• Given information:
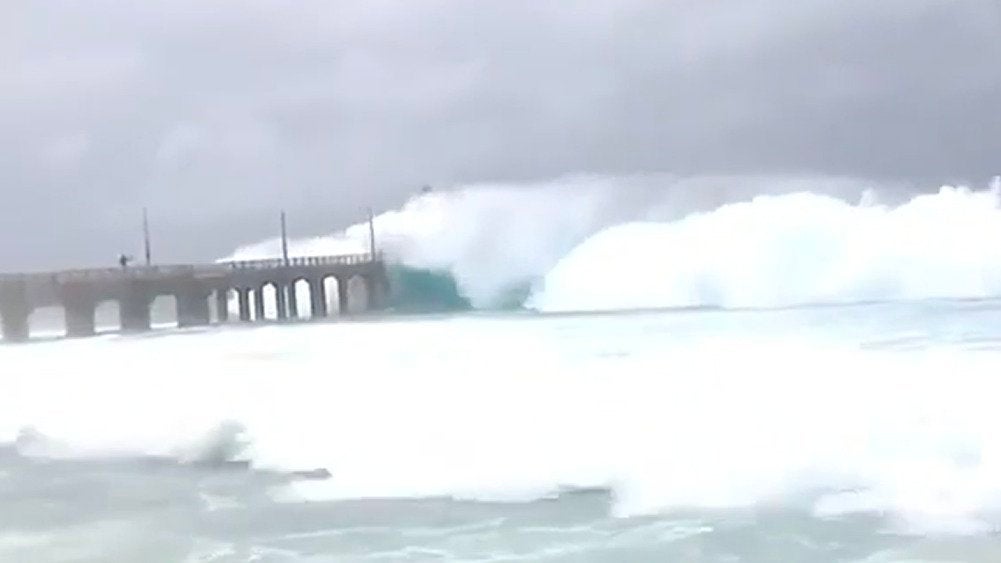 Rescuers Save Horses in Bonsall, CA Lilac Fire Videos from The Weather Channel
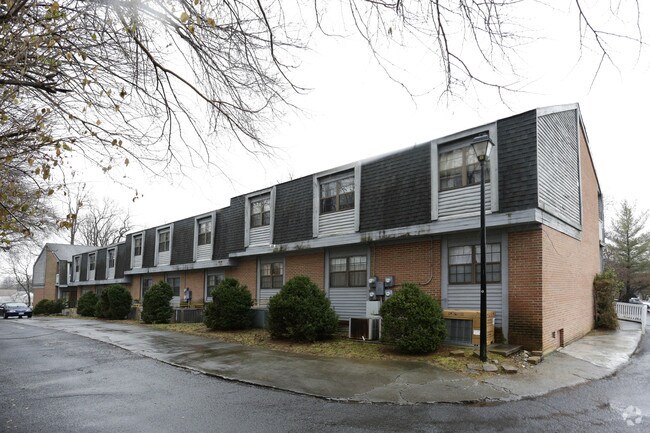 Photo - Washington Square Apartments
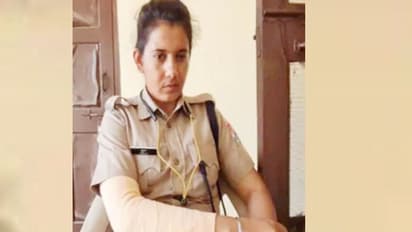 azamgarh news police helped Lady constable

• What to produce:
From the material above, reproduce everything verbatim except the pictures.

• Expected output:
 Rescuers Save Horses in Bonsall, CA Lilac Fire Videos from The Weather Channel
 Photo - Washington Square Apartments
 azamgarh news police helped Lady constable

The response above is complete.